Portfolio Review: Making Money > Being Right
Being Right Doesn’t Make You Money — Expectancy Does
Most traders spend their entire lives chasing the wrong goal.
They want to be right.
They want a high win rate.
They want to feel smart, validated, in control.
But the market does not pay you for being right.
It pays you for having positive expectancy.
And nothing illustrates that better than the system we just tested.
The System That Beats SMH… While Losing More Than It Wins
Semiconductors are one of the greatest secular winners of the last two decades. SMH returned 616% over 25 years — a monster performance by any historical standard.
Beating SMH is extremely hard.
But look at the system in the chart:
Net performance: +895.6%
SMH performance: +616.4%
Wins: 47%
Losses: 53%
Max drawdown: –31%
Expectancy: 2.8
Reward/Risk ratio: 7.08
Read that again:
This system loses more than it wins, yet it crushes one of the strongest ETFs on earth by nearly 300%.
Why?
Because the system doesn’t try to be right.
It tries to be profitable.
There’s a massive difference.
Most traders don’t understand this until they bleed for it. They believe the path to success is more winners, more accuracy, more precision.

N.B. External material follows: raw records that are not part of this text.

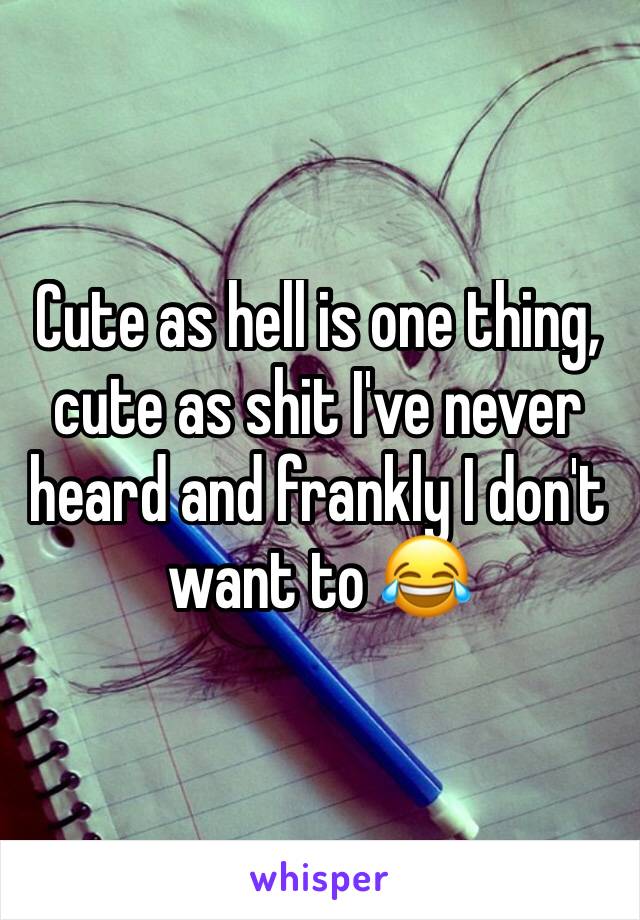 Cute as hell is one thing, cute as shit I've never heard and frankly I don't want to 😂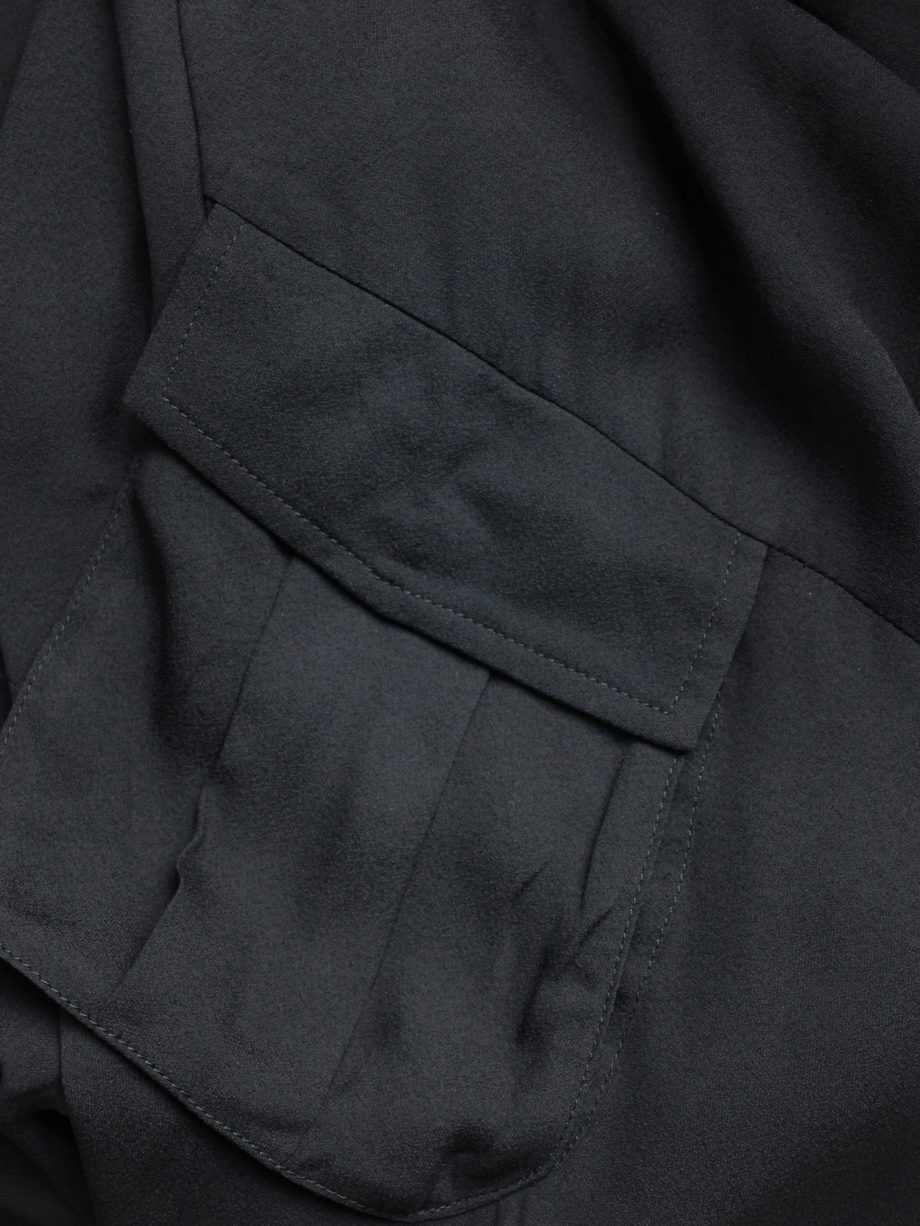 vaniitas vintage A.F. Vandevorst black harem trousers with overlap front and longer lining 9464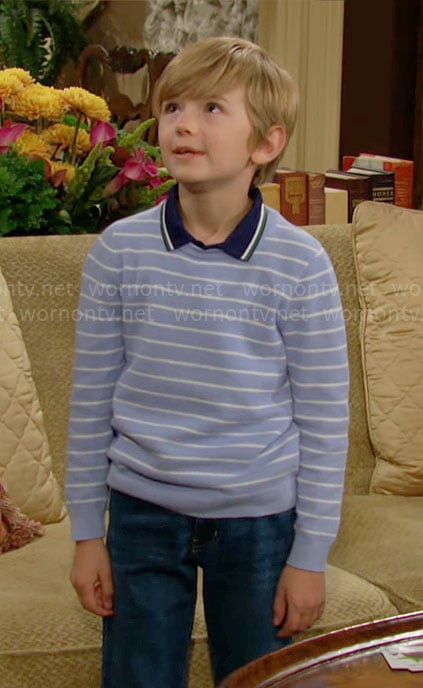 Harrison’s blue striped sweater on The Young and the Restless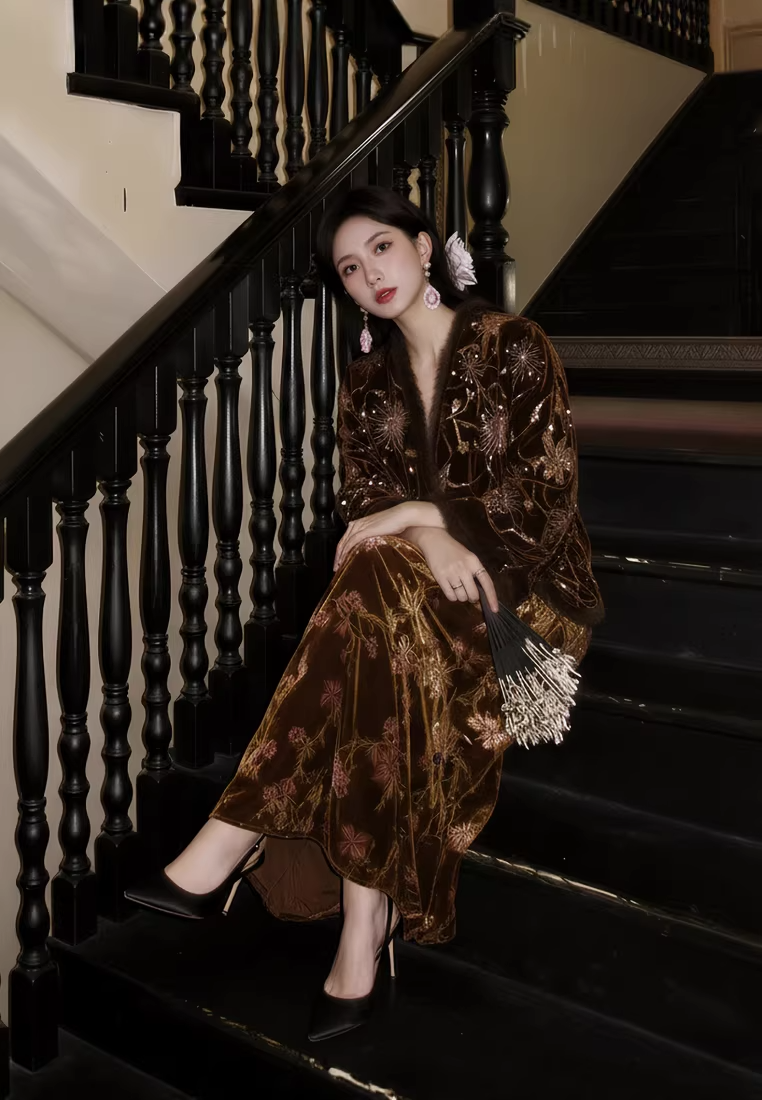 Vintage Mink Fleece Lined Embroidered Beaded Coat, V-neck Jacquard Cami Dress Set CA2025121521BW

But in trend following — in real trading — the goal isn’t to predict.
The goal is to put yourself in front of the asymmetric payoffs that matter.
This system proves the point:
It’s wrong 53% of the time, but the winners are so large that the losers simply don’t matter.
That’s expectancy in action.
Expectancy Is the Real Edge
Look at the win/loss distribution in your chart.
The losers are small and controlled.
The winners run.
That’s it. That’s the strategy.
This is why traders who obsess over win rate never make it. They want their ego stroked. They want to feel smart. They want bragging rights.
But the math doesn’t care about your pride.
A mediocre win rate paired with huge winners is far more valuable than a high win rate with tiny gains.
The chart is proof:
A 47% win rate and a 7:1 reward-to-risk ratio is a formula for long-term outperformance — even against a powerhouse like semiconductors.
The Psychological Trap
Most people simply can’t accept being wrong more often than they’re right. Their identity collapses. Their confidence fractures. They abandon the system that would have made them rich.
But the traders who get this right — who understand expectancy — unlock a level of freedom the rest of the market never touches.
They stop judging themselves on individual trades.
They stop caring about streaks.
They stop micromanaging outcomes.
They follow the system because the system has edge — and that’s enough.
The Lesson Most Traders Never Learn
A strategy with a 40–50% win rate can outperform elite benchmarks with smaller drawdowns and less stress.
A strategy with a 70% win rate can go broke.
Because being right isn’t the goal.
Making money is.
Expectancy is the difference.
And when you understand that — really understand it — the entire game of trading shifts from emotional chaos to statistical clarity.